The boys went to Milan today. That includes everyone: Liam, Niall, Zayn, Louis, and even Harry. I can't remember what exactly they went for; Louis told me in a hurried conversation that lasted maybe five minutes. In all honesty, I'm so glad that I have a chance to breathe and to be away from what is now my reality. 

How depressing is that? That I'm actually glad for them to be away so that I can pretend that the life I'm now living isn't mine anymore. If I had known two months ago what my life would be now, I would have taken a different way to the book store that day I bumped into Louis and Harry. 

It's midnight now, and I'm writing this when I should be sleeping, but I just can't seem to close my eyes long enough to go to sleep. It's funny, actually. I can sleep all I want during the day but can never manage to when I actually need to sleep. 

There's just a lot of repetitive thoughts that continuously fill my head, but I think I'm getting better at managing them. Either that, or I've just gotten used to the chaos they create inside my mind. I'd like to think that it is the former, but my heart is telling me the latter is more probable. My mum always said that I was too nice and my heart was so big that it could get me into trouble one day, and I never believed her. I never believed her until right now. 

So I'm writing by the light of my computer screen, trying to get all thoughts of Louis and Harry and my new life out of my head, which is pointless, because that's all I ever think about. It's so strange to think of myself as Louis' girlfriend, but I have to get used to it. If I don't think of myself as his girlfriend when I'm not with him, it will be even more difficult to think of myself as that when I am with him. I have to get in the mindset of being his girfriend, but it's so hard. It's so hard because I'm not. Not even close. 

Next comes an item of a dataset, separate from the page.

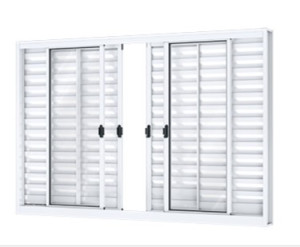 Janela veneziana de correr central 4 folhas móveis e 2 fixas s/grade 100 x 150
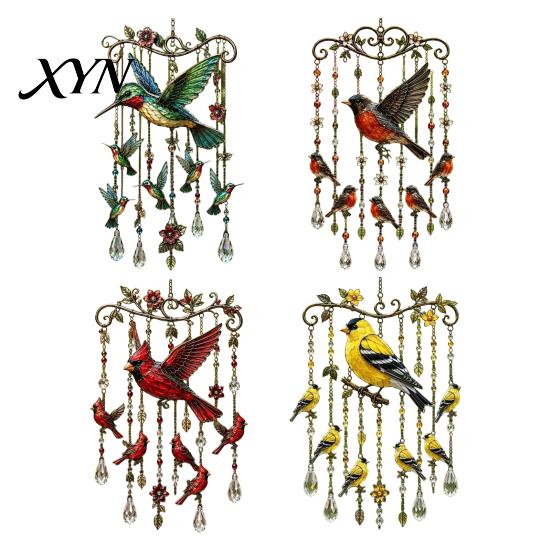 Outdoor Wind Chime Decor Graceful Bird Chimes, Chimes for Outside, Metal Sun Catcher Decoration Hanging Suncatchers with Crystal Pendants Garden Yard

Also, I think it's worth mentioning that when I signed up to be Louis' girlfriend, I had no idea what a catastrophe this would be on social media. I had no idea their band was this big, and I had no idea that I would be this deep in the spotlight. I guess I should have known, really, with everything I had to go through to become this. I guess it just never fully registered in my head. Good thinking on my part. 

Just in the last twenty four hours since Louis and I became an "official" couple, I can't even begin to count the number of death threats and awful things I've been sent over Twitter. I don't even want to repeat them in here because I don't want to relive them. Many of his fans are sending me hate and I just want to scream at them that THIS ISN'T REAL AND I'M NOT DOING ANYTHING WRONG.

But I am. I'm hurting them. I'm hurting Harry. I even sometimes convince myself I'm hurting Louis. And I'm definitely hurting myself.

If I let myself think too much about how much this might be hurting their fans, I will breakdown. I can't afford to breakdown, so I don't think about it. I won't think about it. It's too much, in addition to everything else. 

I won't go back on twitter. I won't go back on twitter.

I have to see what they're saying about me. I'm going back on twitter. 

***

I shouldn't have gone back. 

I have never had more notifications in my life, and I've never had so many horrible things said to me for no reason at all. I shouldn't have gone back to see what people were saying about me, but I really shouldn't have gone back at all, because I ended up seeing pictures of the boys in Milan. I couldn't help it; it was impossible. People were tweeting them to me every other tweet and they were popping up in my mentions like crazy. 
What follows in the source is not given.